However, past performance is not necessarily indicative of future results — a premise CFRA’s mutual fund ratings approach was built on — and we think investors looking to participate in potentially further gains need to go beyond a solely rearview mirror approach.

Our five-star rated emerging markets funds tend to have strong performance records, low costs and appealing holdings.

Year-to-date through April 18, the average emerging markets equity mutual fund rose 14.0%, nearly erasing the 16.4% decline achieved in 2018. However, some of CFRA’s top-rated actively managed mutual funds in the Lipper peer group climbed even higher.

Artisan Developing World Fund (ARTYX) generated an impressive 24% total return to start the year, after losing just 15.7% in 2018. Though the fund only launched in mid-2015, it has already established a strong risk-adjusted track record. As of March 2019, the fund’s three-year Sharpe ratio of 0.97 was well above the 0.64 peer average.

The fund invests in companies that management thinks have the capital structure and business model to realize their domestic demand potential. From a holdings perspective, CFRA independently thinks the fund incurs only modest risk with many of its recent top-10 holdings earning above-average S&P Global Market Intelligence Quality Rankings.

China (34% of assets), India (12%) and Brazil (10%) are the largest emerging market country exposures for this fund, which charges an in-line with mutual fund peers 1.4% expense ratio.

Meanwhile, JPMorgan Emerging Markets Equity Fund (JFAMX) rose 20.9% year-to-date through April 18. Similar to Artisan Developing World, JPMorgan Emerging Markets narrowly outperformed its peer average in 2018 with a 16.2% decline.

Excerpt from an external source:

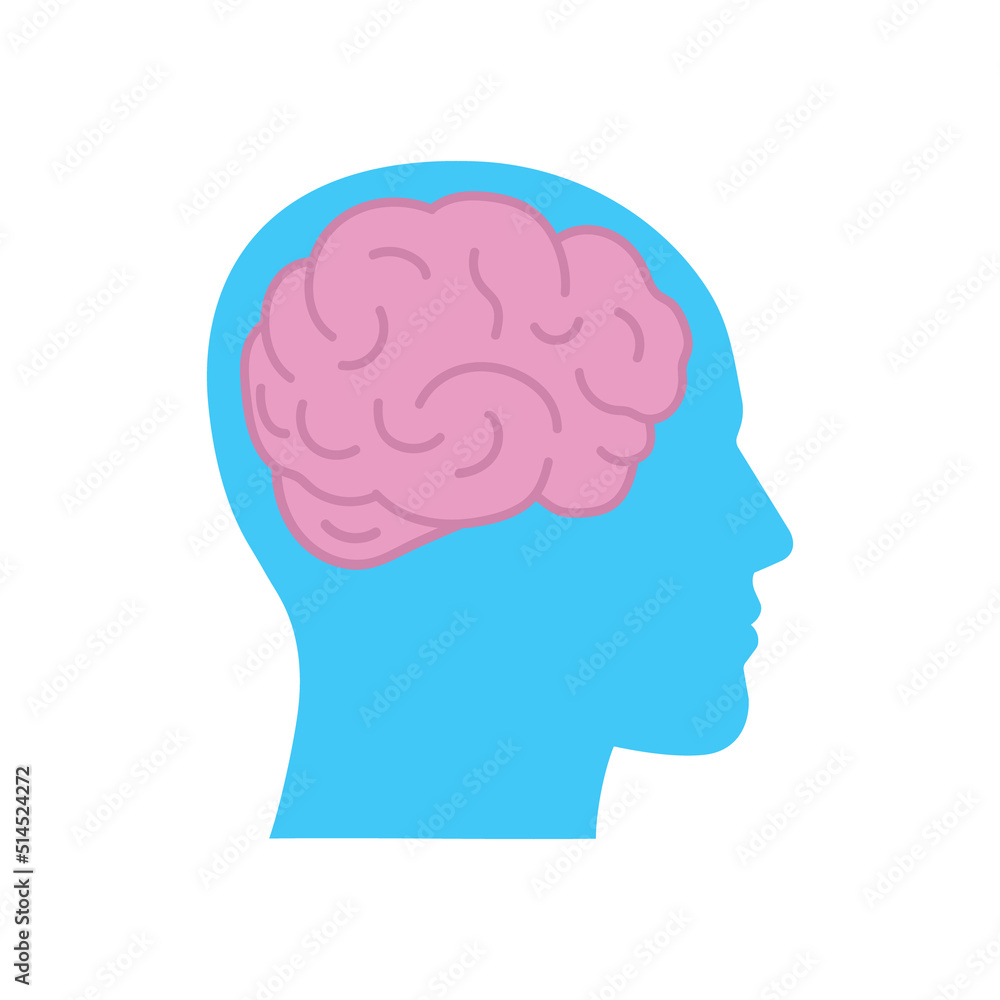 Brain in head icon design in flat style. Vector illustration. Brain in head icon design in flat style. Vector illustration.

This share class has a 17-year track record and in the last ten years has been in the top half of its peer group with regularity. Although its standard deviation is elevated, the fund’s three-year Sharpe ratio of 0.90 was above the peer average.

Further helping CFRA’s five-star rating is a modestly lower 1.2% net expense ratio. Management aims to identify high-quality businesses that compound earnings sustainably over the long term and CFRA’s research indicates this to be occurring. China (31% of assets), India (17%) and Hong Kong (7%) are the largest country exposures.